* **THE TASK**: Pictures do not belong in the copy; transcribe everything else in the records exactly.

* **DATA RECORDS**:
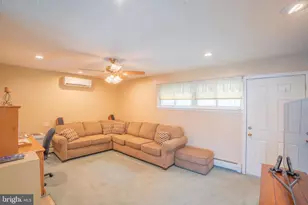 32 Young Birch Rd, Levittown, PA 19057 - Photo 12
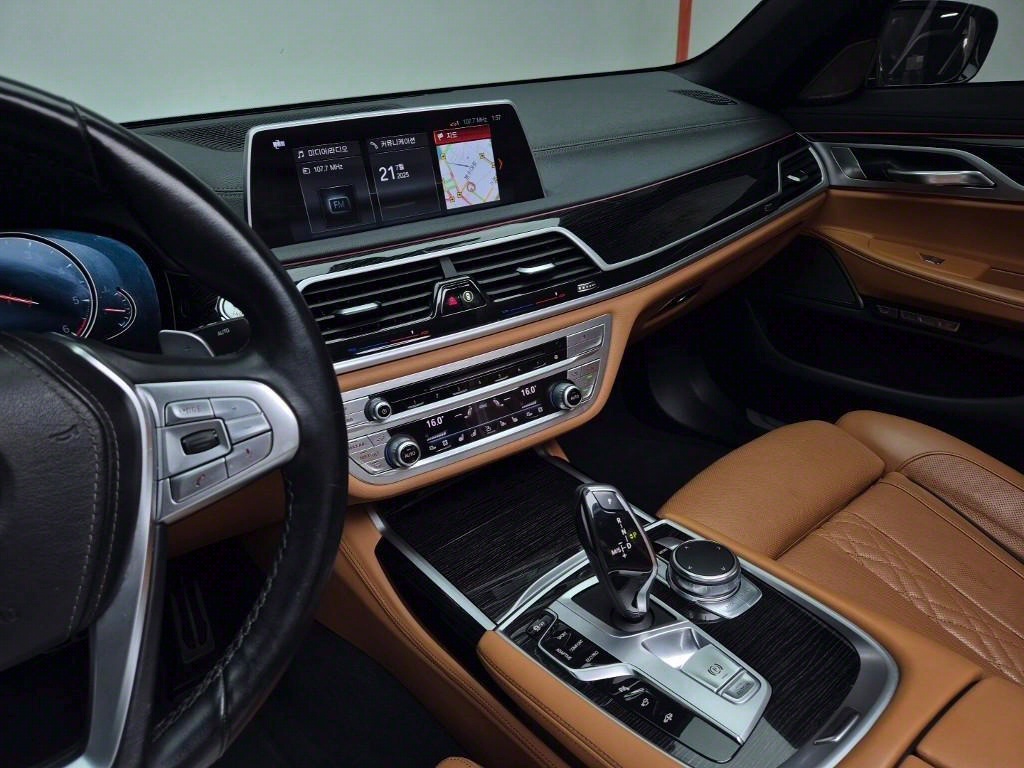 BMW 7 Series - Vista 10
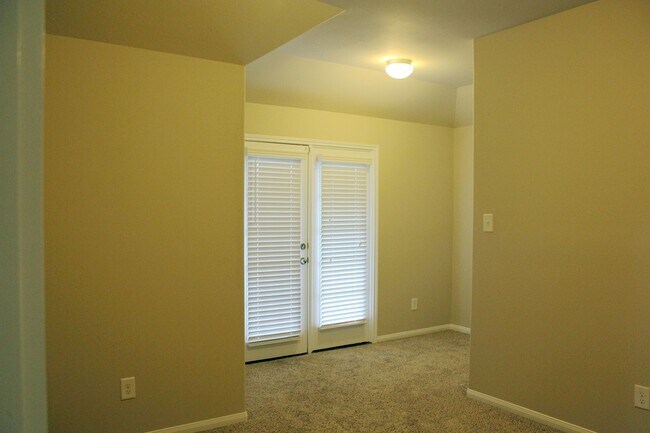 Building Photo - 19022 Pinewood Point Ln
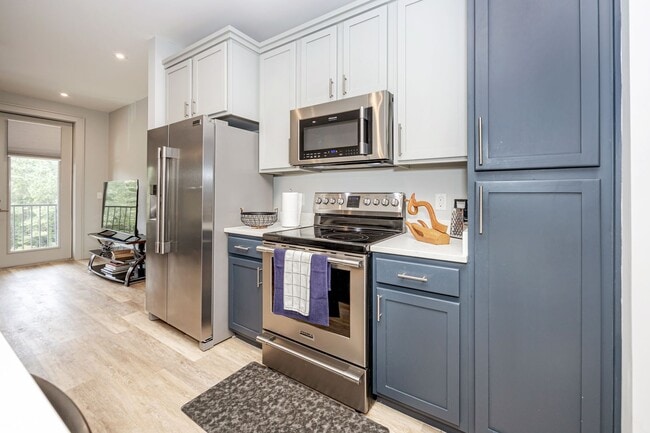 Building Photo - 2501 Bienville Blvd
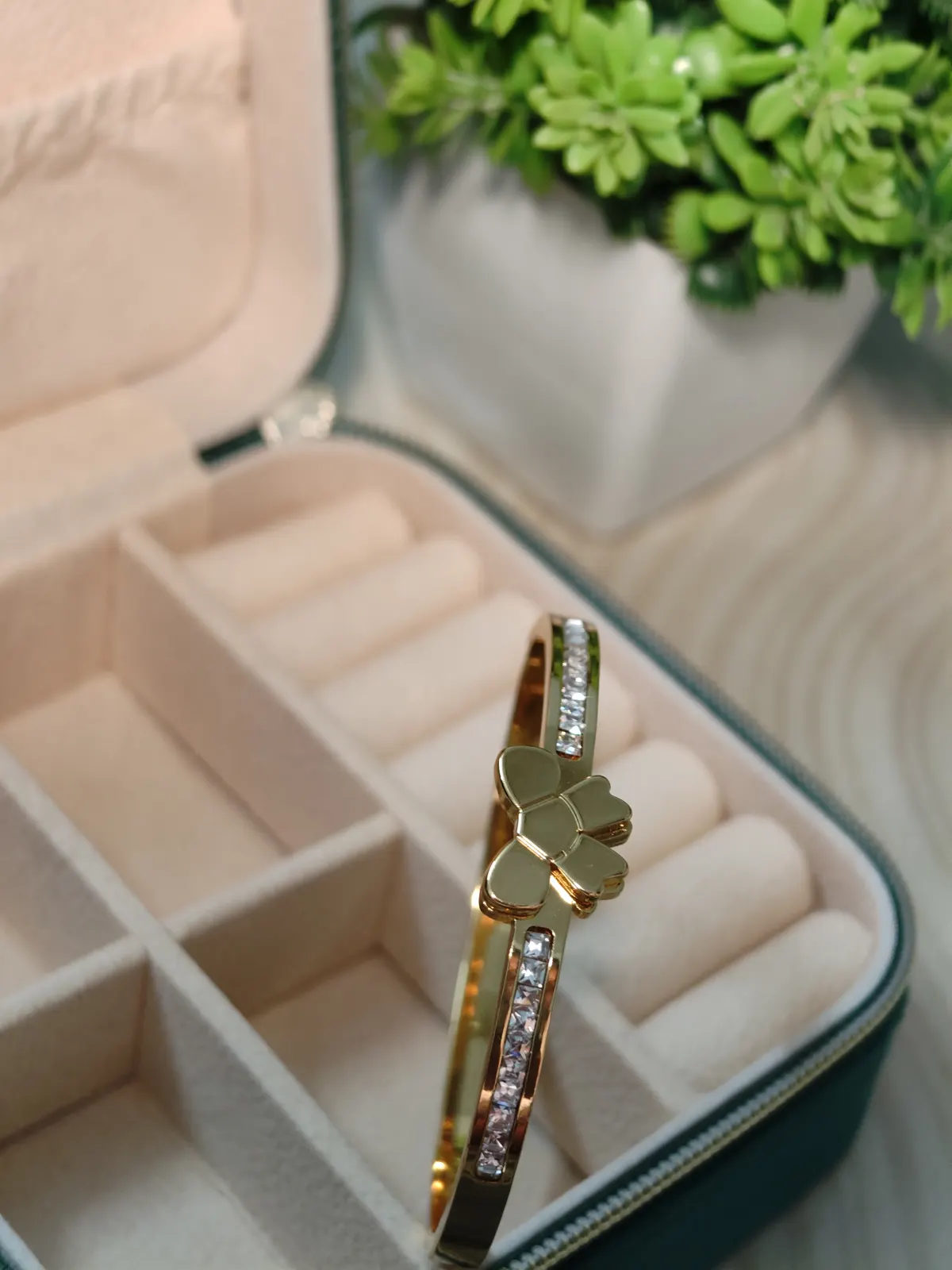 Bow stoned Bangle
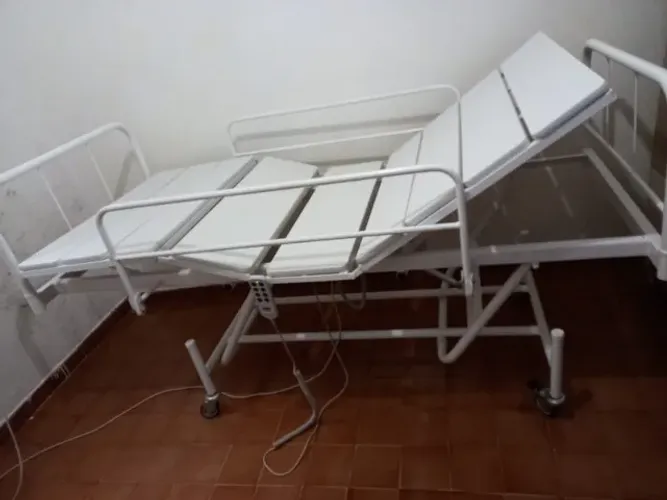 PROMOÇÃO! Cama hospitalar motorizada com colchão incluso - EXCELENTE ESTADO
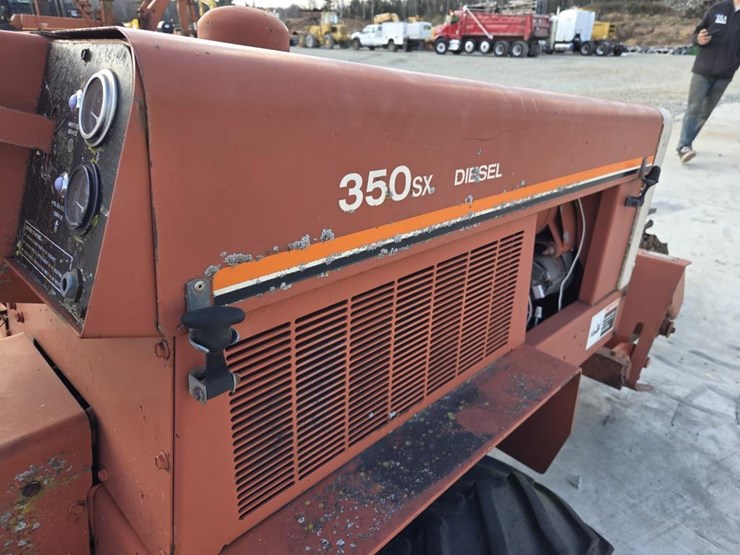 ditch-witch-350sx-image-16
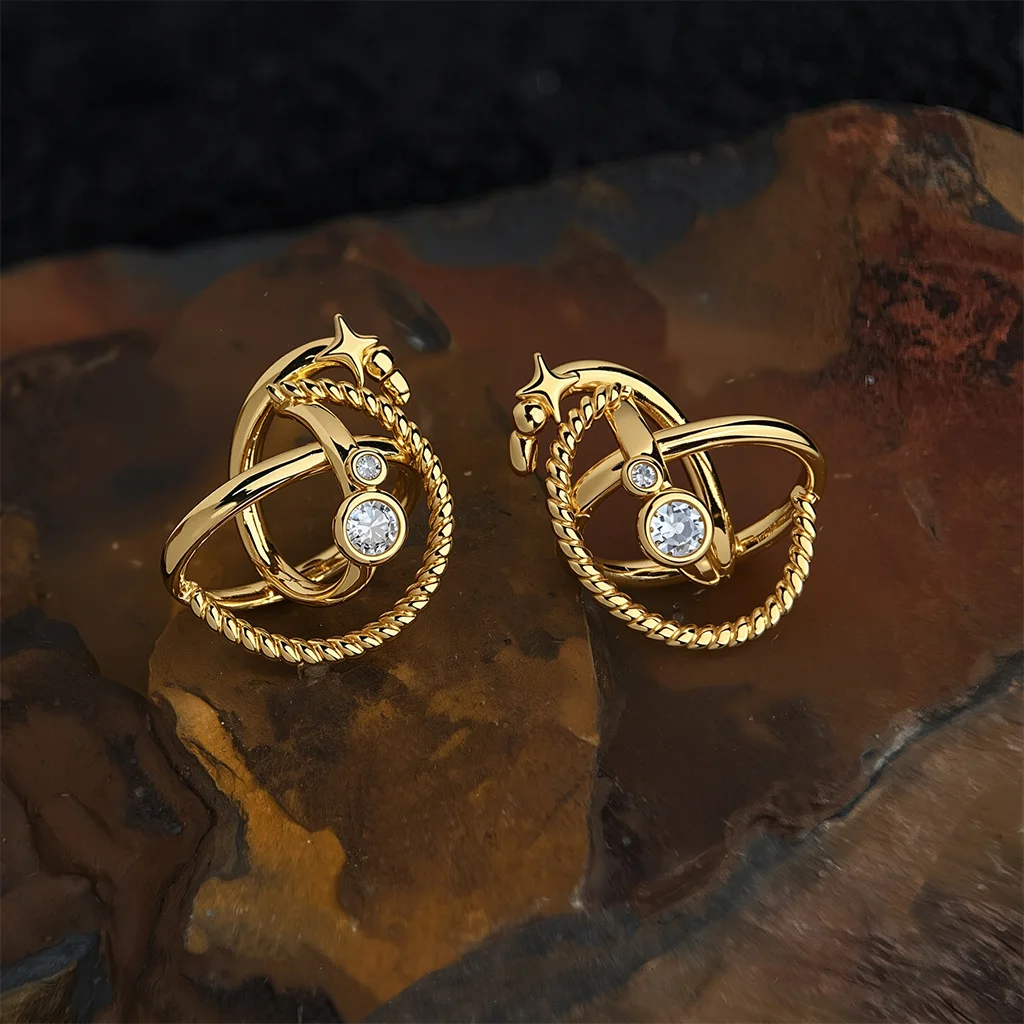 Designer Style Geometric Twisted Zircon Earrings For Women Fashion Cutout Golden Ears Accessories Jewelry Gift Casual Party Wear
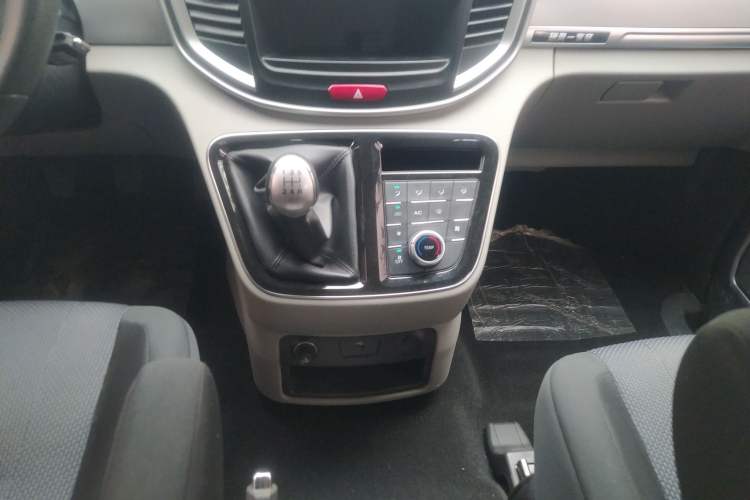 Used JAC M4 2016 2.0L Manual Comfort Edition Gear Lever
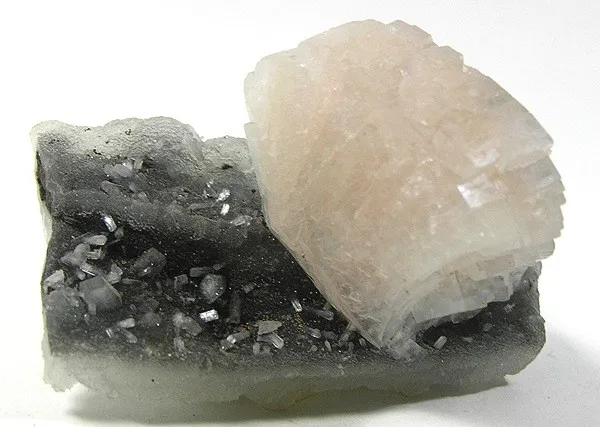 Heulandite, Quartz image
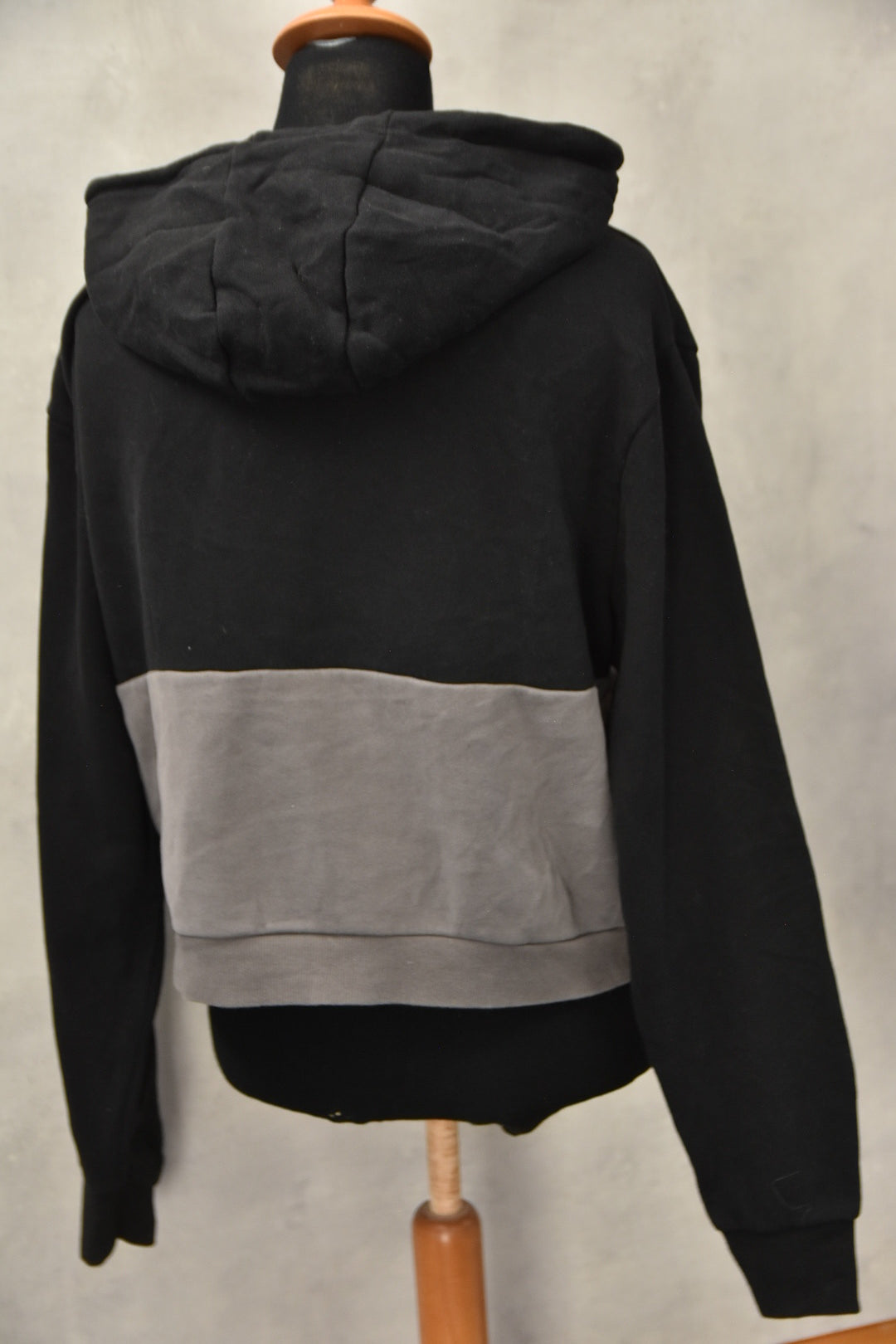 ELLESSE ZENSKA DUKSERKA GOLEMINA M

* **YOUR RESPONSE**:
 32 Young Birch Rd, Levittown, PA 19057 - Photo 12
 BMW 7 Series - Vista 10
 Building Photo - 19022 Pinewood Point Ln
 Building Photo - 2501 Bienville Blvd
 Bow stoned Bangle
 PROMOÇÃO! Cama hospitalar motorizada com colchão incluso - EXCELENTE ESTADO
 ditch-witch-350sx-image-16
 Designer Style Geometric Twisted Zircon Earrings For Women Fashion Cutout Golden Ears Accessories Jewelry Gift Casual Party Wear
 Used JAC M4 2016 2.0L Manual Comfort Edition Gear Lever
 Heulandite, Quartz image
 ELLESSE ZENSKA DUKSERKA GOLEMINA M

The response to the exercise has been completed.